Press Clippings

Cult Montreal’s #37 Best Montreal Song of 2020

CBC Music 5 More Songs You Need To Hear

“There is a lot of great music coming out of Canada lately, or maybe it is just I know more about this extremely creative scene now…The most interesting album for me nevertheless is by the Montreal based band Lawful Citizen. Their ‘Internal Combustion’ is a wild and captivating mix of heavy guitars, powerful saxophones and a grooving rhythm section. Evan Shay on tenor sax, Aime Duquet on guitar, Antoine Pelegrin on electric bass and Kyle Hutchins on drums are behind this outstanding music, which successfully integrates jazz, metal, electronica and Americana into something new and definitely worth checking out.”

-Wulf Muller, Okeh Records, Germany

“It sounds like a jazz group trying to be a hard rock band, very successfully. If we're talking internal combustion engines, we're talking late 1960s/early 1970s muscle cars with big fat V8s under the hood, and maybe some glass pack mufflers affixed to the hot tailpipes—Dodge Chargers and Pontiac GTOs, painted black…the accelerator gets pounded to the floor, the pistons pump, rear wheels spin on cold blacktop and the street race is on.”

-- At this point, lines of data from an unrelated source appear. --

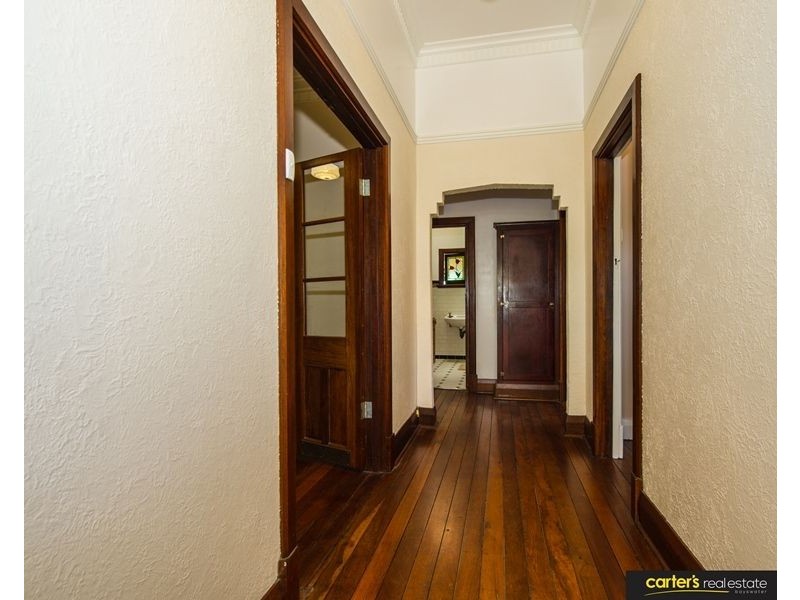 56 Hamilton Street, Bayswater WA 6053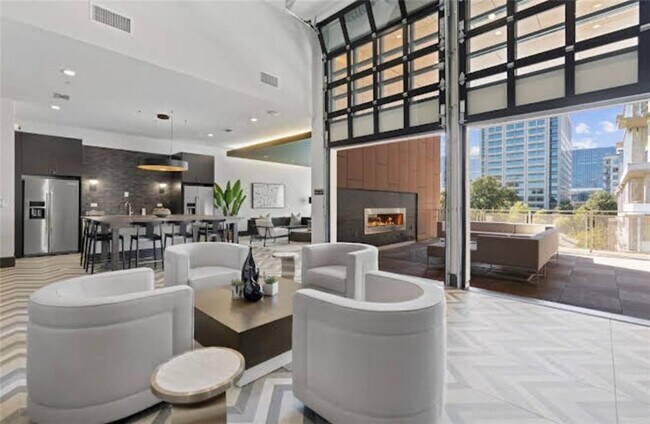 Photo - 775 Juniper St NE Unit 234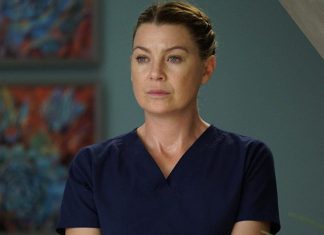 Ellen Pompeo irá retornar em ‘Grey’s Anatomy’? Atriz responde!
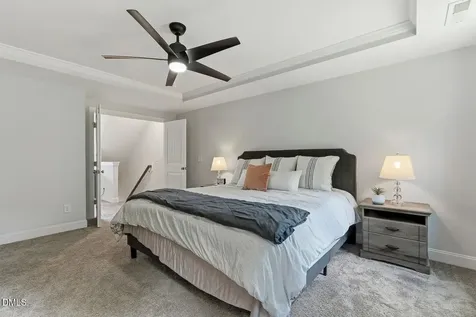 3435 Piedmont Drive Raleigh NC 27604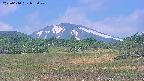 area3-20250610092048.jpg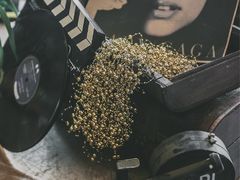 -上海外滩英迪格酒店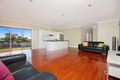 Property photo of 21 Hastings Avenue Sellicks Beach SA 5174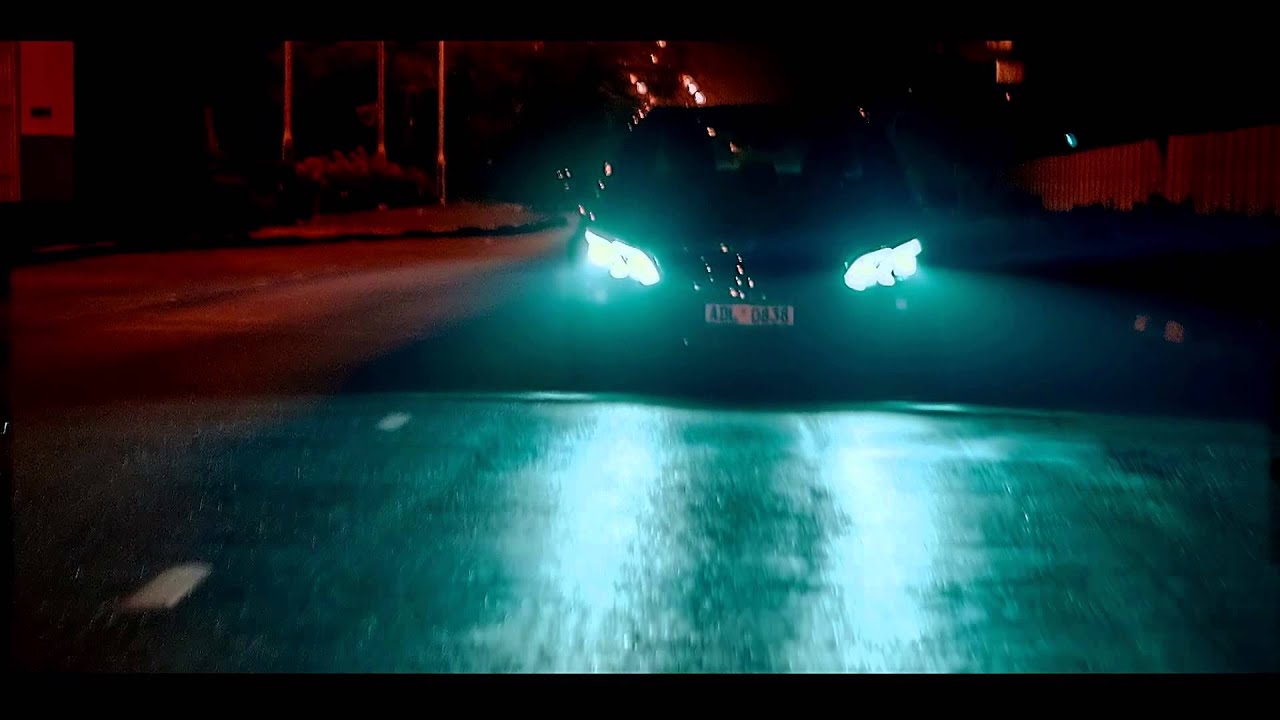 Harare Hairarwe (Official Video) - Myke Pimp ft Mariachi (Directed by Chris Shoca X Ells Pics)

-Dan McClenaghan, All About Jazz, Philadelphia USA

“The post-bop (Lawful Citizen) mix modern themes and harmonies on this album that includes separate tunes and a four part ‘Internal Combustion Suite.’ Of the opus, the ambitious songs include rich guitar work from Duquet propulsed by Hutchins on ‘Suite I’ leading into spacious open lands on ‘Suite II’ before the team gets free and frisky with Shay’s tenor and Pelegrin’s bass on ‘Suite III’ and concluding with an angular ‘Suite IV.’ Modern musings with creative cohesion.”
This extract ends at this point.